→ EXERCISE OBJECTIVE
If you see a picture in the data below, omit it and copy the rest exactly.

→ INPUT DATA
===

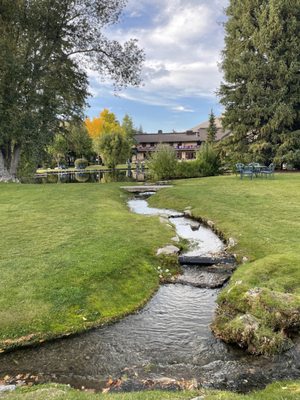 Sun Valley Resort by null
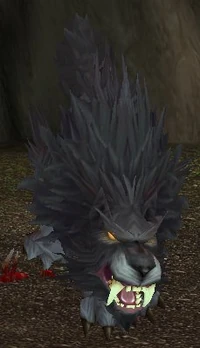 Bloodthirsty Worg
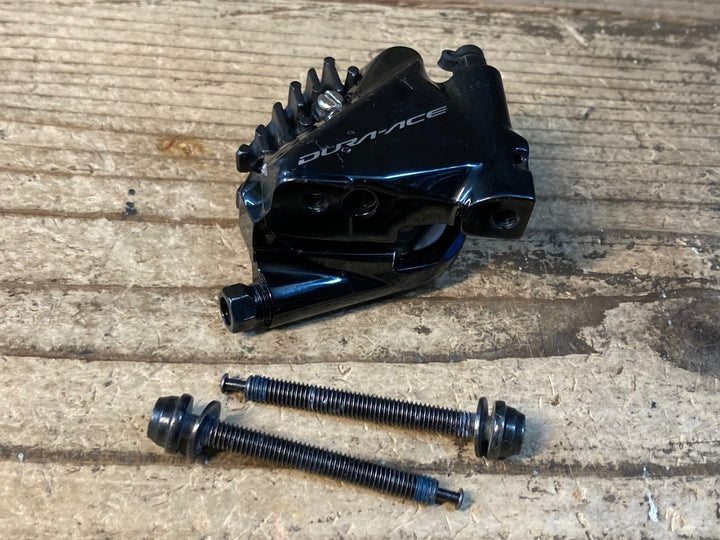 JH644 シマノ SHIMANO デュラエース DURA-ACE BR-R9170 リア ディスクブレーキキャリパー ボルト48mm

===

→ ANSWER BOX
 Sun Valley Resort by null
 Bloodthirsty Worg
 JH644 シマノ SHIMANO デュラエース DURA-ACE BR-R9170 リア ディスクブレーキキャリパー ボルト48mm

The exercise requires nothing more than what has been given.